Top of Given material

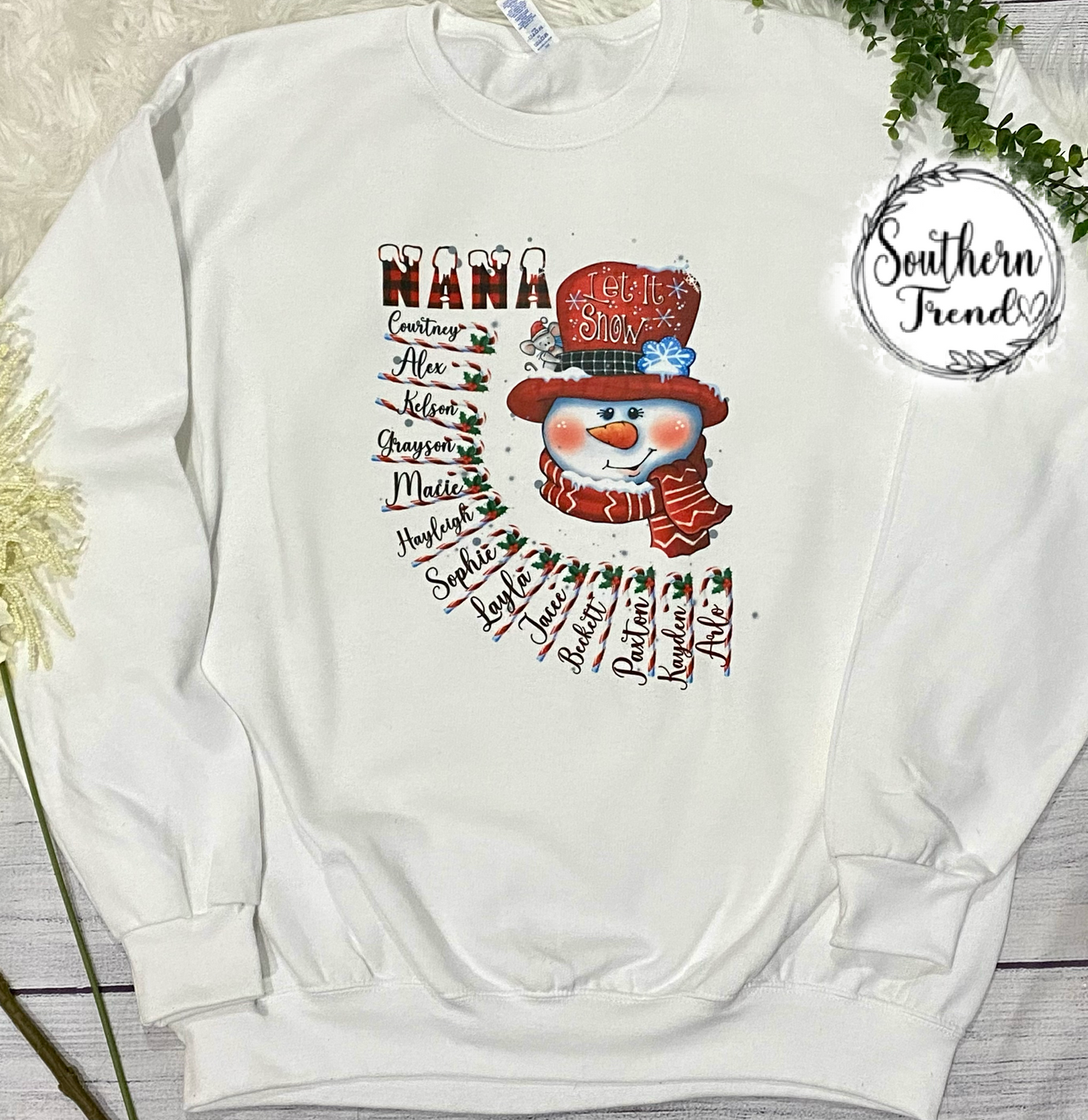 Christmas Snowman personalized names sweatshirt crewneck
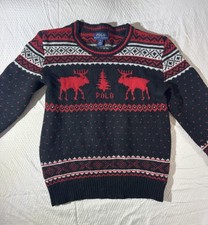 Polo Ralph Lauren Fair Isle Reindeer Knit Sweater Kids Size 6 Holiday Winter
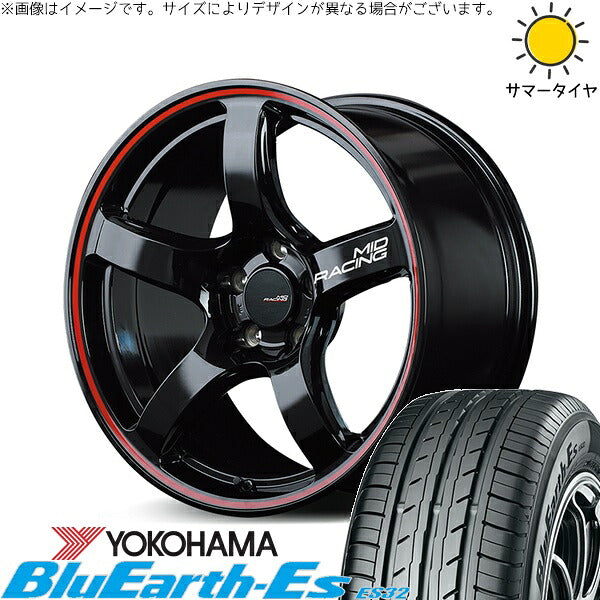 ヨコハマタイヤ ブルーアース ES32 245/40R18 ＋ MIDレーシング R50 ブラック/リムレッドライン 18インチ 8J +45 5H114.3P サマー・ホイール4本セット。1枚目。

Bottom of Given material

Images should not appear in the copy; retype the listing above exactly.

Response to the task
 Christmas Snowman personalized names sweatshirt crewneck
 Polo Ralph Lauren Fair Isle Reindeer Knit Sweater Kids Size 6 Holiday Winter
 ヨコハマタイヤ ブルーアース ES32 245/40R18 ＋ MIDレーシング R50 ブラック/リムレッドライン 18インチ 8J +45 5H114.3P サマー・ホイール4本セット。1枚目。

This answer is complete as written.